Despite this, there is optimism in the city. The local council recently awarded $500,000 in grant money to help tourism, the arts and small businesses.
One of the winning applications, headed up by the University of Newcastle, is a Hometown Holiday project. This encourages locals to see Newcastle as a tourist by booking overnight accommodation and seeing the sights and supporting the businesses that are missing out on tourism dollars.
Safety tips in Newcastle during coronavirus
In Australia, there’s a trickle down process of guidelines from federal and state governments as well as local councils. While this gives greater flexibility to individual areas, it can cause a bit of confusion. So far, in general, NSW state government has taken on board all federal recommendations but has been a bit stricter with how it enforces them.
At the moment, masks are a big talking point. I bought some fabric masks recently, but they were hard to find because of the rush of people looking to do the same. There have definitely been more people wearing masks in the last couple of weeks.
Other than that, it’s about common sense. Limiting how often you go out, avoiding supermarkets at peak times and, for me, steering clear of places where drinking or heavy exercise takes place. I’m also sticking to all recommendations about social distancing and the numbers of patrons allowed in an establishment. I’m keeping away from beaches and other areas that just look too busy.

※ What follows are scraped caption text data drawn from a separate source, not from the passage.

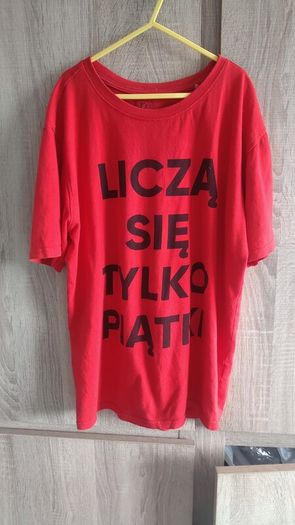 158 cm unisex t shirt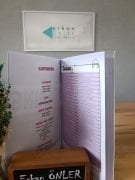 LISTENING (RENKLİ ÇEVİRİLİ VİDEOLAR+KİTAP)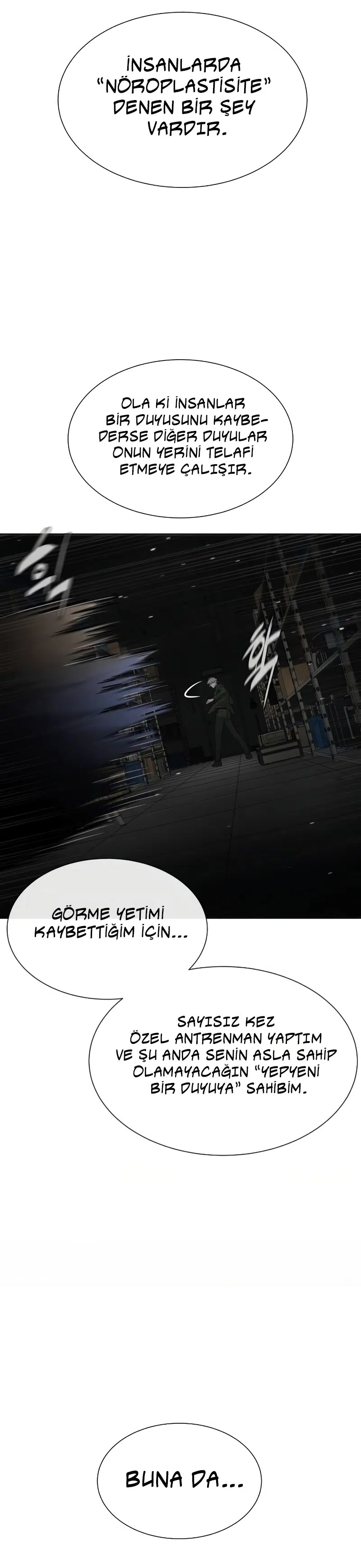 Katil Pedro - Bölüm 41 Sayfa 57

For me, this has been a great time to get back into nature. There are patches of bushland all around where I live and I’ve been exploring those more than ever recently.
Tourism in Newcastle
Based on the conversations I’ve been having, people are getting a lot more sensible with their choices. While a bit of complacency crept in after the first wave seemed to be subsiding, that has stopped. We’ve all seen what’s happened in Melbourne and we’re keen to avoid that happening here.
Fingers crossed, the ten or so cases that have been recorded here in the past week is where it stops. There’s still an eyebrow being raised to anyone visiting from Sydney – or a Victorian number plate spotted on the road. But with each report of a new case, there has been a noticeable rise in vigilance.
We all want things to get back to normal as quickly as possible. That includes going back to some of Australia’s best beaches in the summer, heading out to the vineyards, watching the muralists at work at Big Picture Fest and enjoying the incredible cafe culture that has blossomed in recent years. There’s plenty to see and do in Newcastle, and no one wants things to resume as they once were more than the locals.